----- INPUT FOR THIS TASK

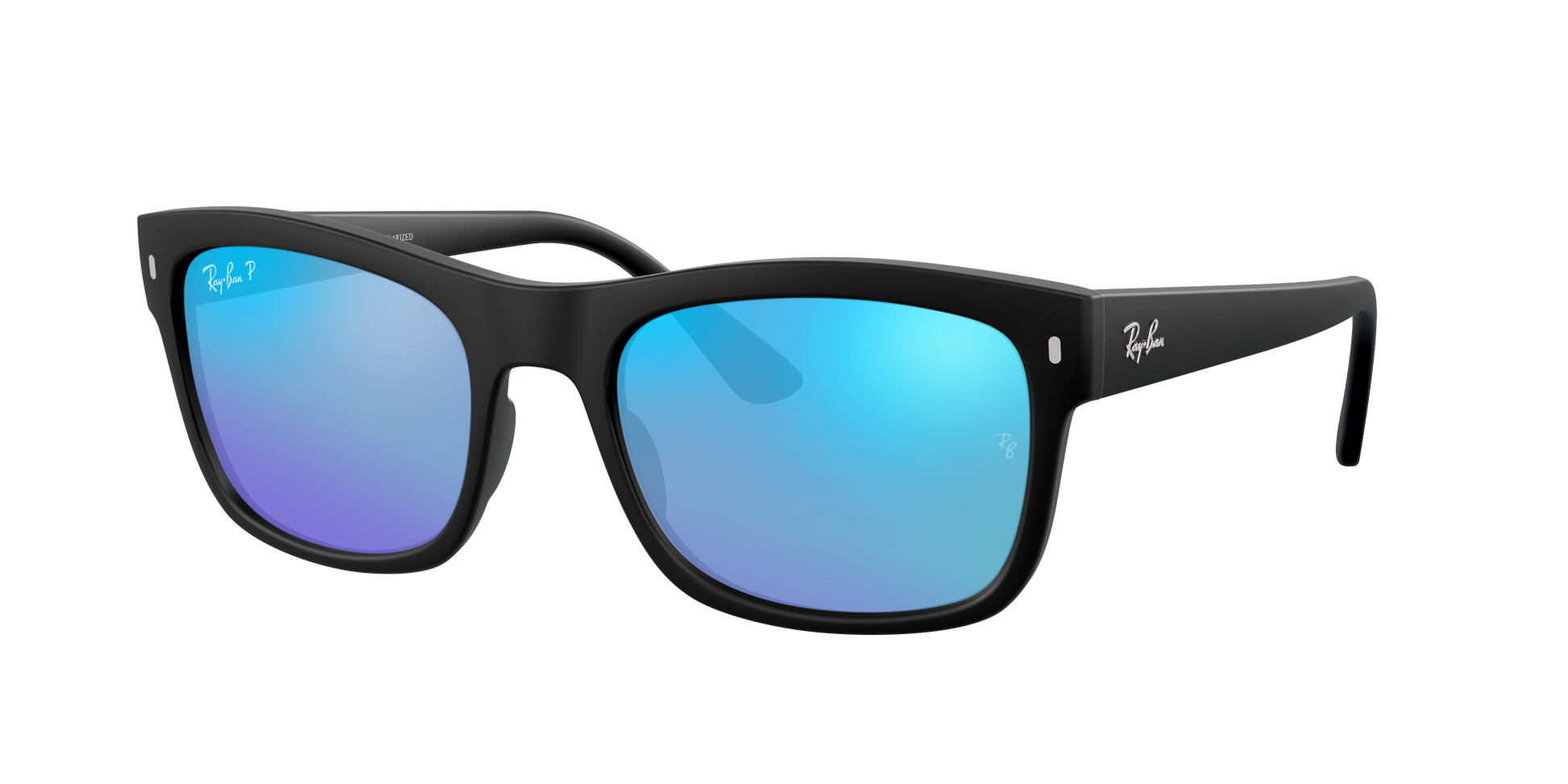 Matte Black, Mirrored Blue-Polarized, Rayban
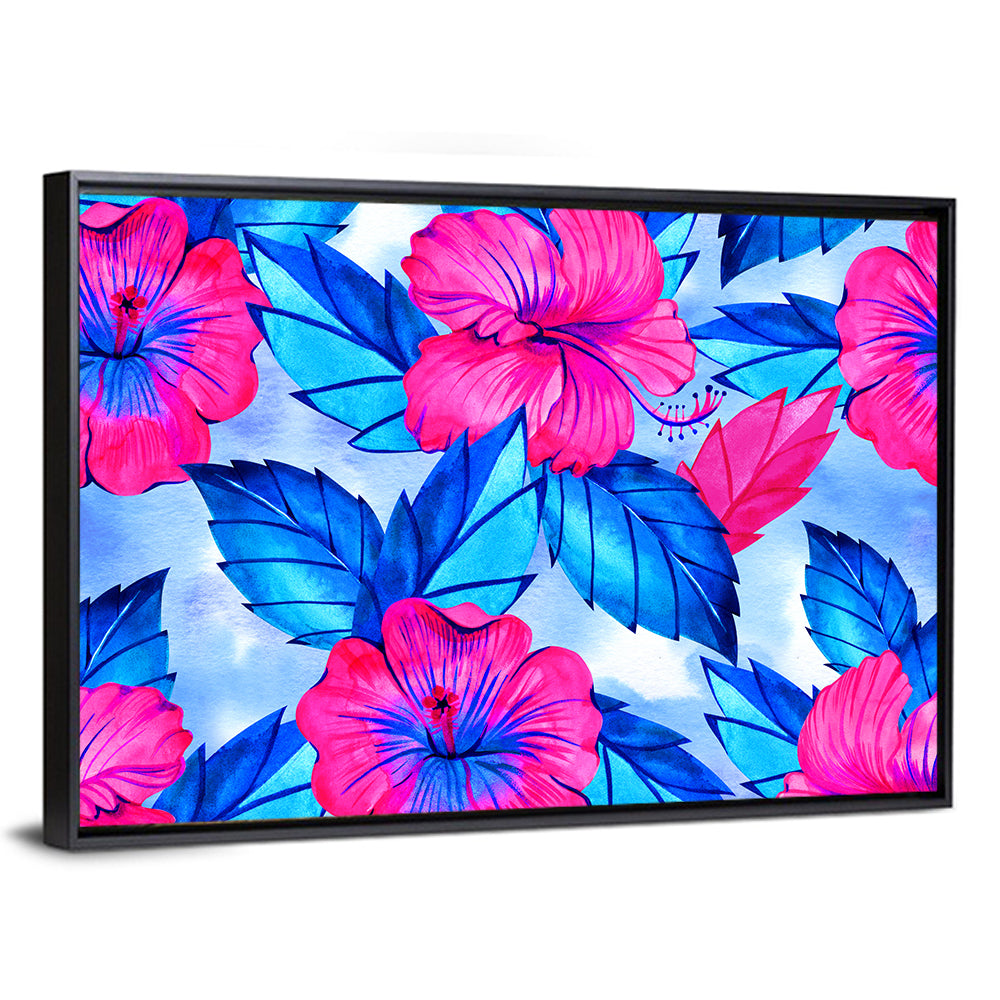 Tropical Hibiscus Pattern Wall Art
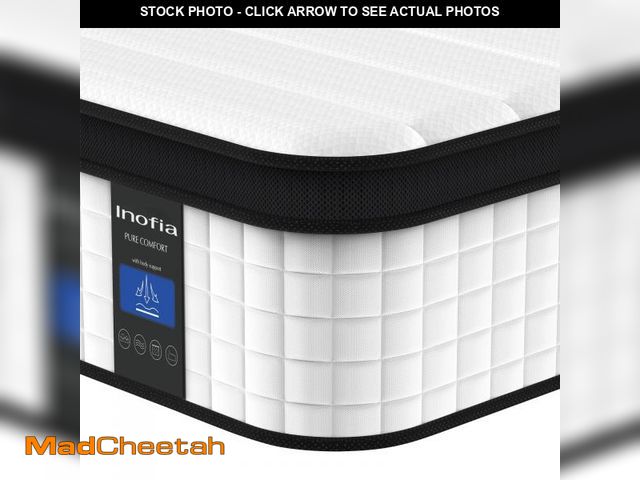 Lot 74-12242912 - Inofia Queen Mattress, 12 Inch Hybrid Innerspring Double Mattress Cool Bed with Breathable Soft Knit...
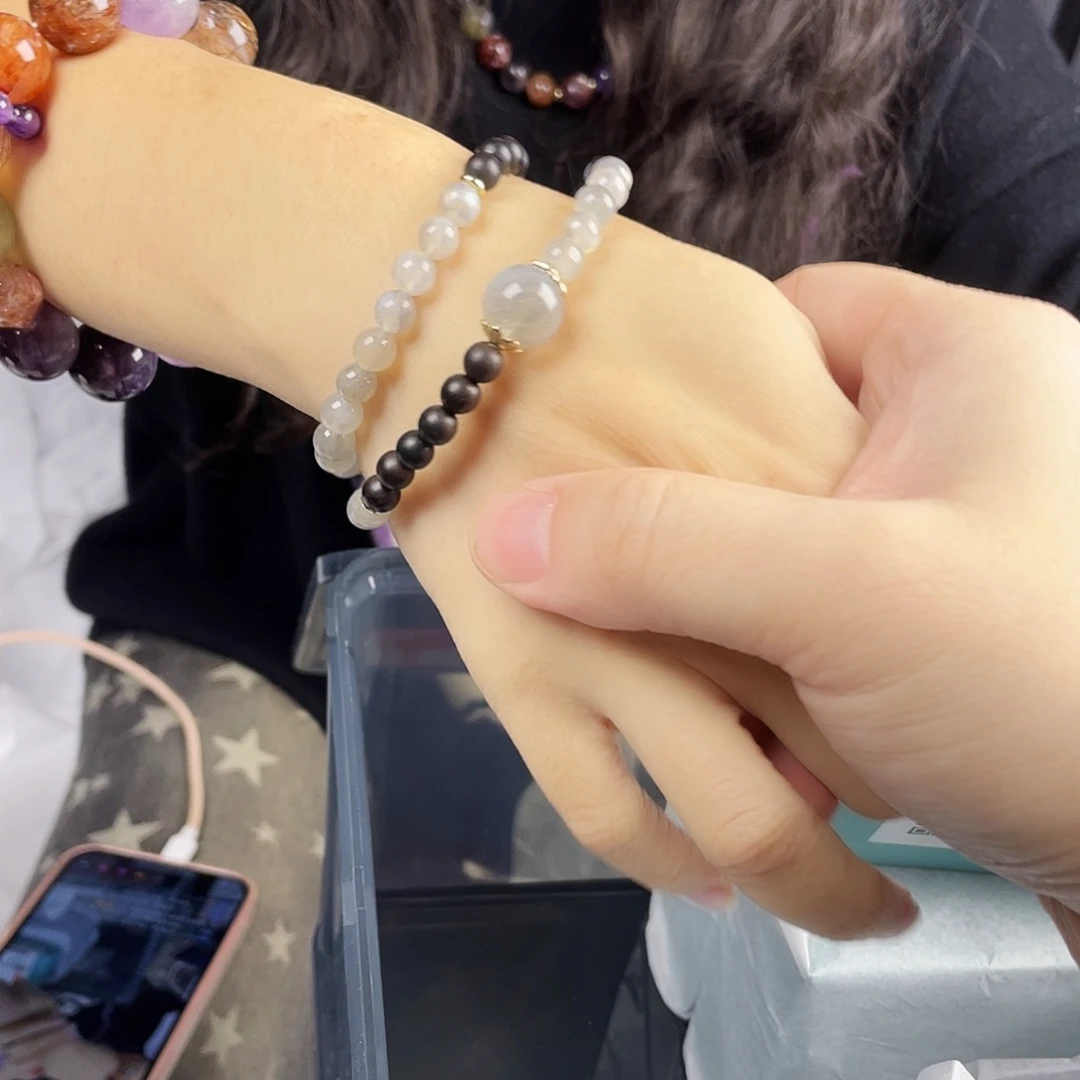 银S925镀金镶嵌水晶手串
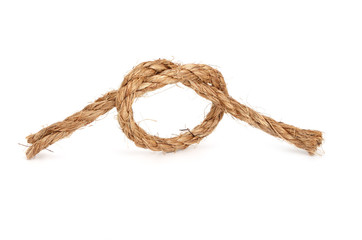 Rope with knot on white background.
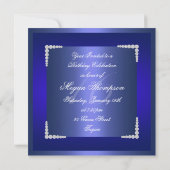 Blauwe Diamanten Verjaardagsuitnodiging Kaart (Achterkant)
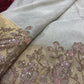 Ivory Gold Designer Saree with Floral Embroidery & Pearl Work Blouse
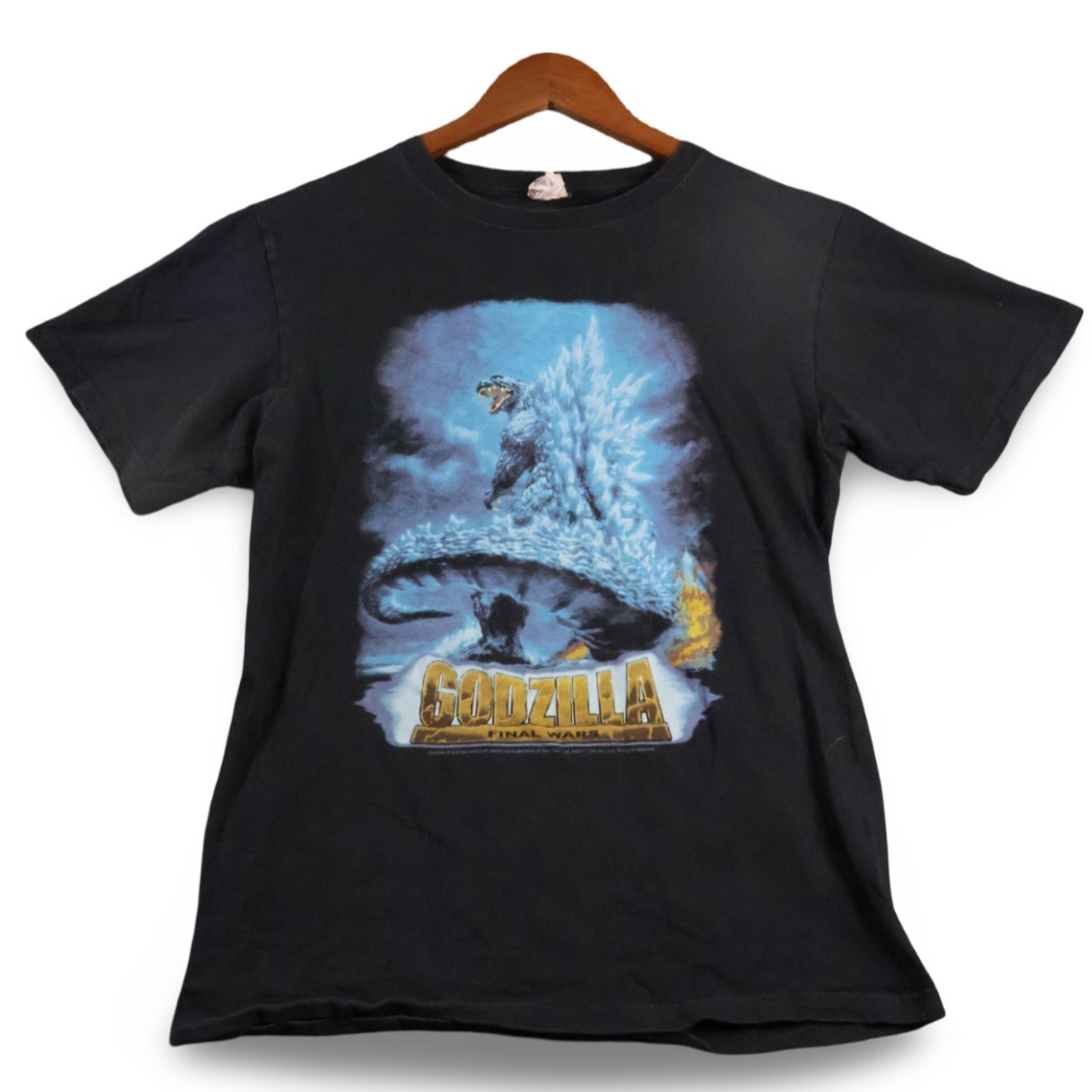 Godzilla Final Wars 2004 Movie Promo Anvil Black Graphic T-Shirt Mens Small Flaw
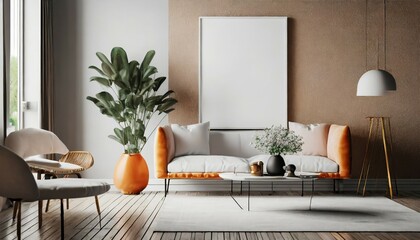 Fototapeta na wymiar home mockup minimalist decorated interior background 3d render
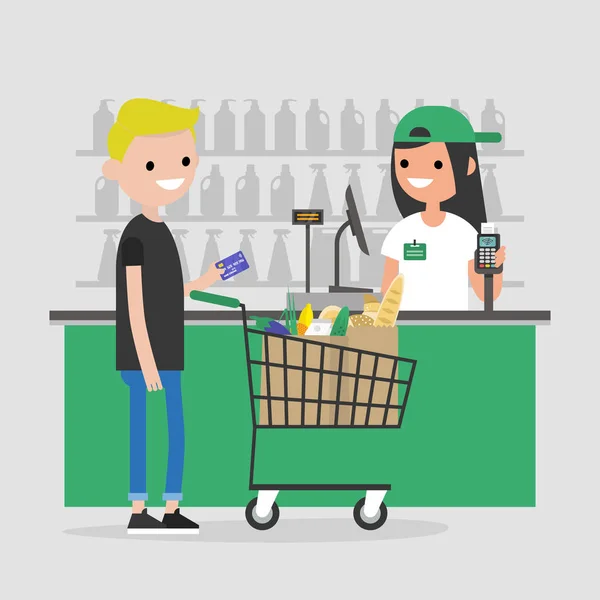 超市收银柜台 杂货店 使用信用卡付款的客户 日常生活 平面可编辑矢量插图 剪贴画 — 图库矢量图片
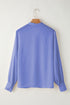 Modern Solid V Neck Breezy Long Sleeve Blouse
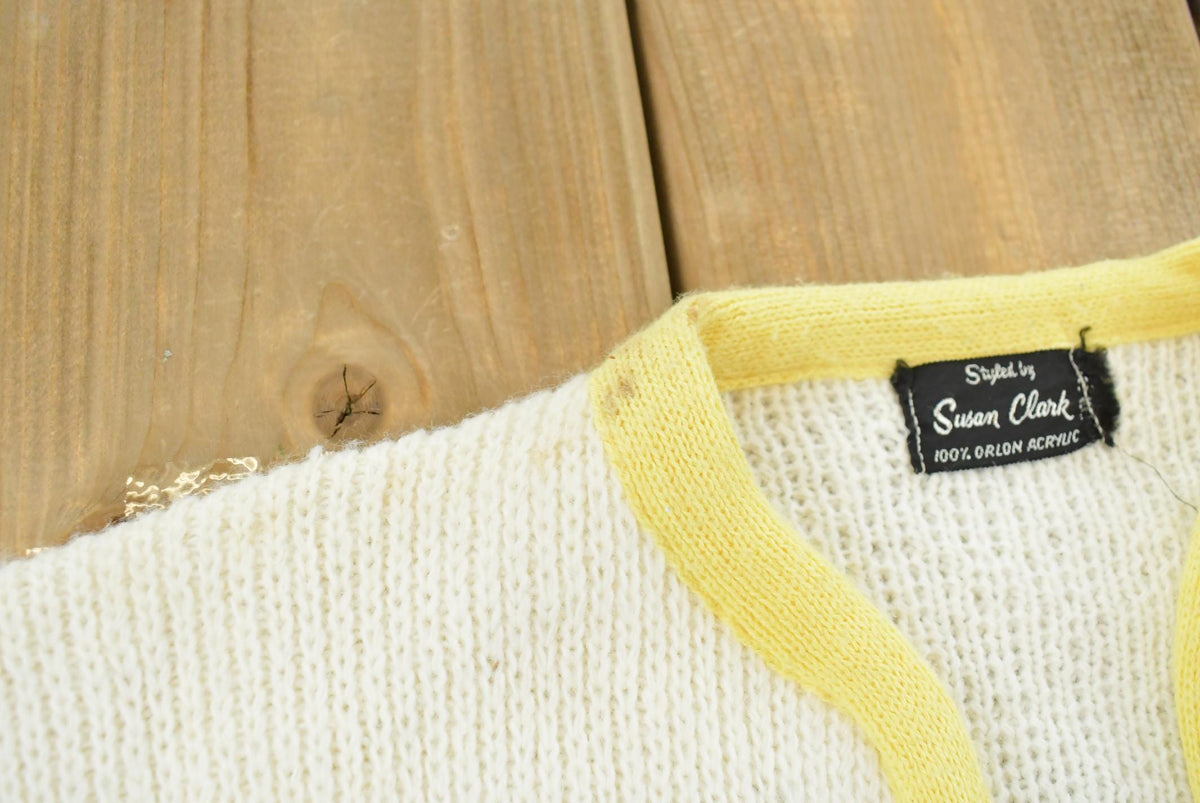 Vintage 1960s Susan Clark Knit Acrylic Flower Cardigan Sweater Women's M from propervintagecanada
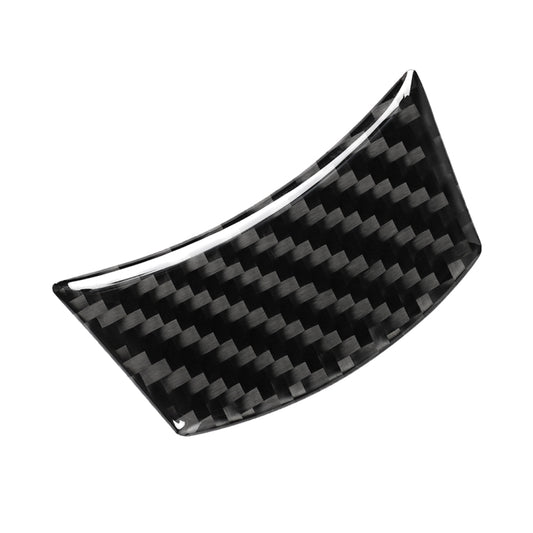 Curved carbon fiber steering wheel button trim sticker, black checkered finish
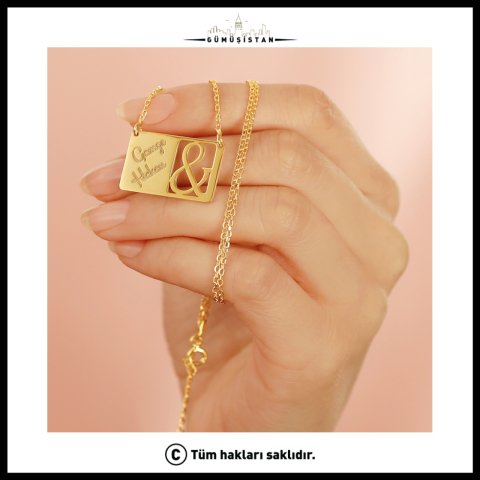 Kişiye Özel İki İsimli & İşareti Kolye – Çiftlere Özel İsim Kolyesi
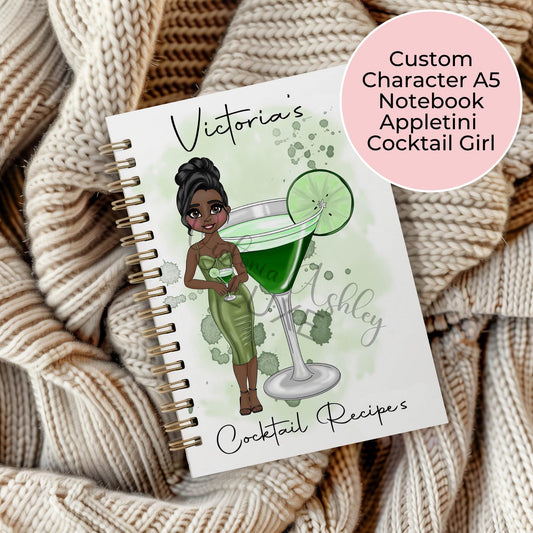 Appletini Cocktail Girl Recipe Notebook, Personalised A5 Wire-Bound Notebook With 60 Lined Sheets, Custom character Gift For Her Birthday #NB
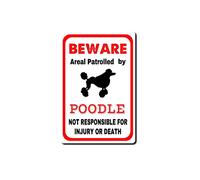 ELIPOS Targa in latta con scritta in lingua inglese "Poodle Sign warns that the property is guarded by a barboncino", divertente cartello di avvertimento per esterni, in metallo, stile vintage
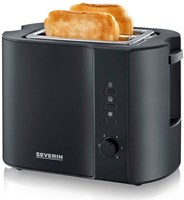 Severin Grille-pain noir mat inox 800W avec support à pain-2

----------

• INSTRUCTIONS FOR THE TASK:
Excluding the pictures, restate word for word the lines from the one that holds "Curved carbon fiber" through the last line of the entries, both ends included.

• SOLUTION TO THIS EXERCISE:
 Curved carbon fiber steering wheel button trim sticker, black checkered finish
 Kişiye Özel İki İsimli & İşareti Kolye – Çiftlere Özel İsim Kolyesi
 Appletini Cocktail Girl Recipe Notebook, Personalised A5 Wire-Bound Notebook With 60 Lined Sheets, Custom character Gift For Her Birthday #NB
 ELIPOS Targa in latta con scritta in lingua inglese "Poodle Sign warns that the property is guarded by a barboncino", divertente cartello di avvertimento per esterni, in metallo, stile vintage
 Severin Grille-pain noir mat inox 800W avec support à pain-2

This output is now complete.